Bonne et heureuse année 2012 à vous, merci pour votre excellent travail, je lis toujours vos billets avec beaucoup d'interet et enthousiasme. Concernant votre billet actuel, je n'oublie jamais un vers qu'une copine de classe m'a écris dans mon carnet lors de mon enfance: Il me semble que vous êtes fin connaisseur de la langue allemande.
Lass Neider neiden, lass Hasser hassen, was Gott Dir gibt, müssen sie Dir lassen.
Merci de vous relire souvent en 2012
Marie13
Je vous remercie sincèrement pour l'offrande de ce beau vers, Marie13. Vous pouvez compter sur moi pour laisser envieux et méchants dire et continuer à servir, du mieux que je peux, les compositeurs et les peintres d'hier qui ont tant à nous apprendre sur notre aujourd'hui.
Tous mes voeux vous accompagnent pour un 2012 plein de sérénité et de lumière. Merci pour votre fidélité.
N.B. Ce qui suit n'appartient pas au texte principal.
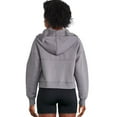 thumbnail image 3 of Haut à capuchon Athletic Works pour femmes, 3 of 6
Un vœu rien que pour toi : une excellente année musicale et si j'ai le choix entre un orchestre symphonique et un quatuor, je choisis le quatuor ... Réparer les blessures, ce n'est pas si facile. Comme les œufs (du jour), mille bises fraîches.

Pourquoi choisir, chère Marie ? Très honnêtement, entre quatuor et orchestre, je n'en ai pas envie, mais tu sais maintenant ce qui ne me manquerait pas si je devais en être privé
Je te souhaite tout le meilleur pour l'année qui vient, en espérant qu'elle sera une grande bouffée d'oxygène à l'air libre.
Plein de bises d'un lendemain paisible.
Bonsoir,
Je viens de rentrer et de lire votre billet. Merci pour vos voeux et pour les perspectives 2012 alléchantes.
Une question, il y a quelques temps vous aviez évoqué une chronique sur le disque de clavecin de Violaine Cochard que j'ai entendu à Paris fin novembre au Billettes, je n'ai rien vu ?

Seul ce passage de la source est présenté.